Kansas State wide receiver Kade Warner, the son of NFL Hall of Famer Kurt Warner, is headed to the NFL on a similar path to his father.
After not being selected in the 2023 NFL Draft, Kade was signed by the Tampa Bay Buccaneers as an undrafted free agent, according to local reporter Rick Stroud.
Kade had a career season in 2022, recording 46 receptions for 456 yards with a team-leading five touchdown receptions on the season.
Warner began his collegiate career at Nebraska in 2018. He spent three seasons with the Cornhuskers, recording 30 receptions for 236 yards and carried the ball once for four yards.
He transferred to Kansas State in 2021 where he played for two seasons (2021-2022). In 2021, he recorded 14 receptions for 166 yards before a career season in 2022.
Kade will look to follow in the same footsteps as his father Kurt, making a career in the NFL as an undrafted free agent.
The Buccaneers signed four undrafted free-agent wideouts. They signed Warner, Maryland's Rakim Jarrett, Furman's Ryan Miller, and TCU's Taye Barber. Warner will have to battle it out with many receivers in order to make the final roster.
Kurt Warner became an undrafted Hall of Famer
While it's tougher to become a star in the NFL as an undrafted free agent, it's happened many times before.
Kurt Warner, Kade's father, is a prime example. After finishing his college career at Northern Iowa, Warner became an undrafted free agent and joined the Green Bay Packers' practice squad.
In 1995, Warner joined the Arena Football League, signing with the Iowa Barnstormers, and played there until 1997. In 1998 he played a season with the Amsterdam Admirals.
He made the St. Louis Rams roster in 1998 and served as a third-string backup.

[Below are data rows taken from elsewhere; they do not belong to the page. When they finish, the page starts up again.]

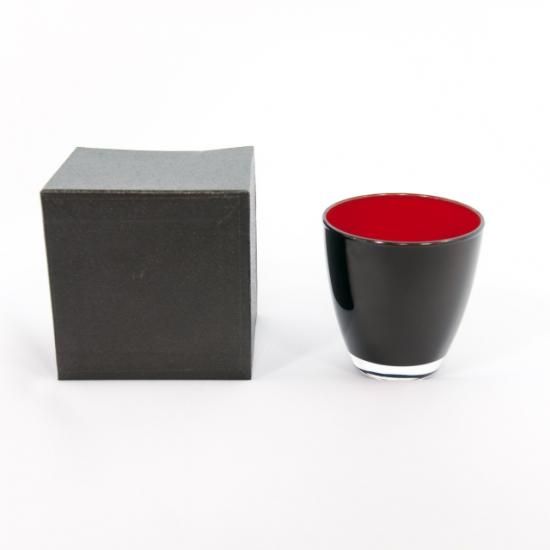 gift-only_355-2010
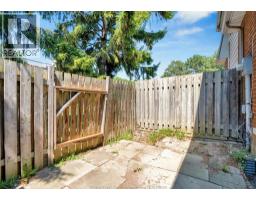 6732 Roseville Garden Drive, Windsor, ON N8T1J2 Photo 25
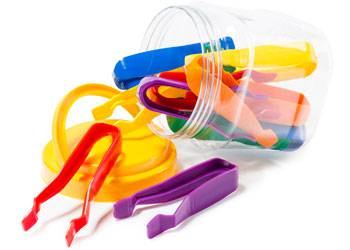 Jumbo Tweezers - Image 2
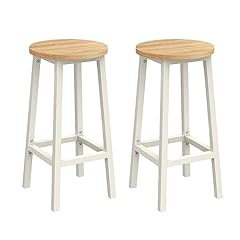 Vasagle bar stools for sale  Delivered anywhere in UK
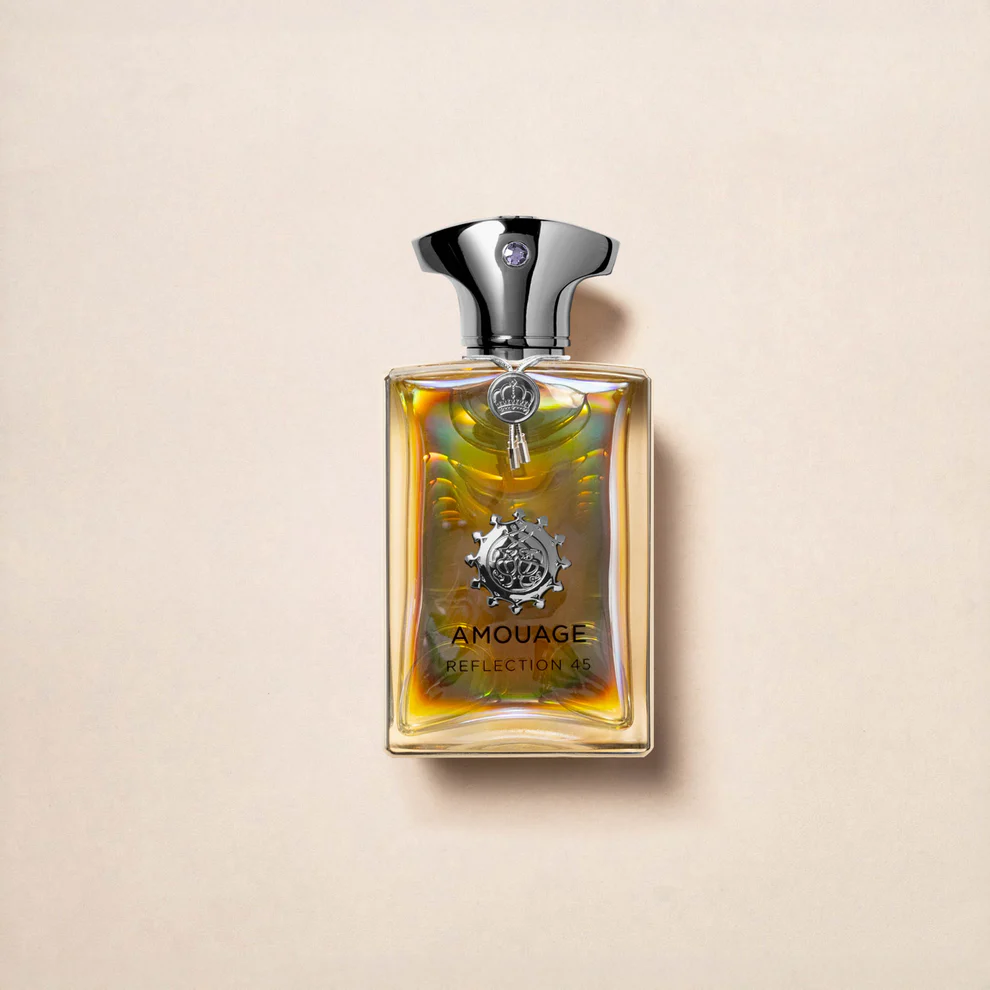 Amouage Reflection 45 Man 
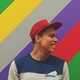 Kevin van der Wijst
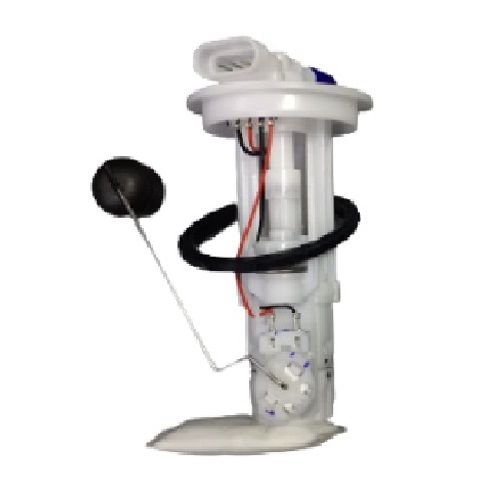 APX5 FUEL PUMP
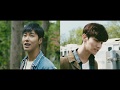 東方神起 / 「Road」MUSIC VIDEO(FULL Version)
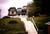 Best Western Kentucky Inn::Priceline.com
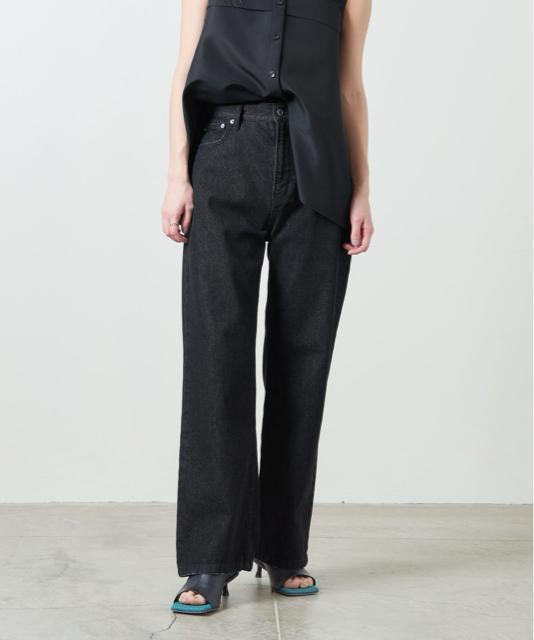 MARW UNITED ARROWS 5ポケットデニムパンツ < ブランド  MARW UNITED ARROWS 5ポケットデニムパンツ  < ブランドの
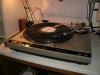Technics SL-1600 MK2.jpg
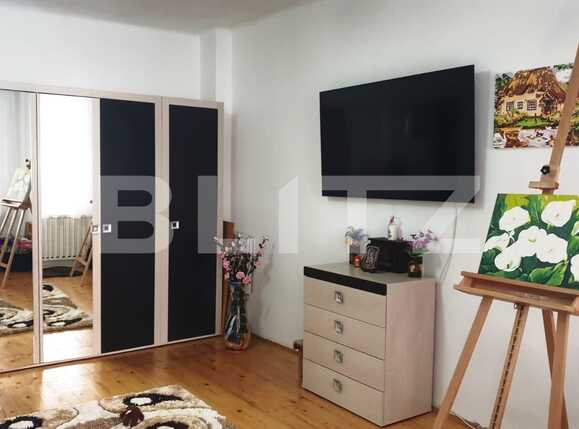 Casa de vânzare 4 camere Exterior Est - 64904CV | BLITZ Brașov | Poza9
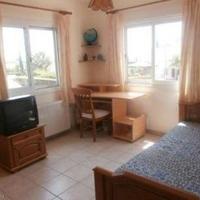 Вилла на Кипре, Пафос, Никосия, 125 кв.м.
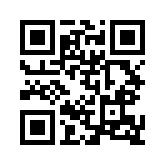 QR-Code https://ppt.cc/HbPw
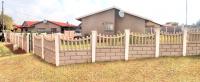  of property in Lenasia South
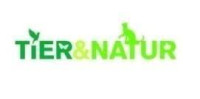 TIER&NATUR in MV Rostock 2027
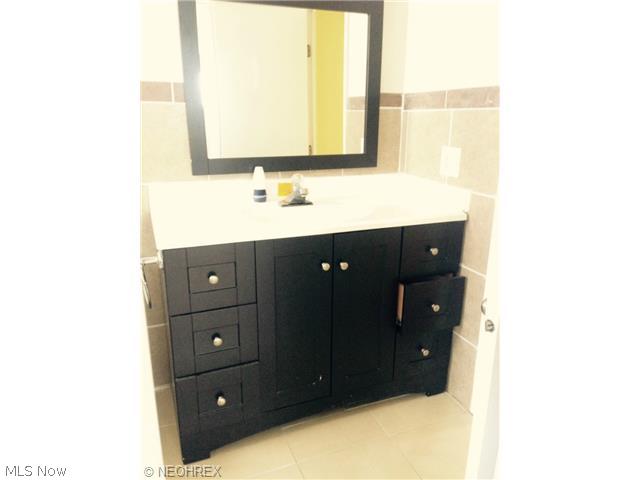 Zehman Wolf 01 - Residential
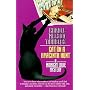 Cat on a Hyacinth Hunt (Midnight Louie Mysteries)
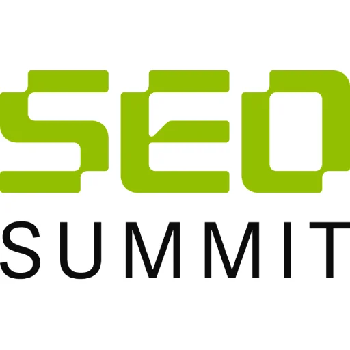 Baltic-Nordic SEO Summit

He took over the following season as he entered the season second on the depth chart after Trent Green suffered a torn ACL in the preseason. Warner led the Rams to a 13-3 record while winning the league MVP and winning the Super Bowl. He would win another league MVP in 2001.
In his career, he has made four Pro Bowls, won two league MVPs, was a two-time first-team All-Pro, and retired with 32,344 passing yards and 208 touchdowns.
Warner was inducted into the NFL Hall of Fame in 1997 and is the only player to be inducted into the Arena and Pro Football Hall of Fame.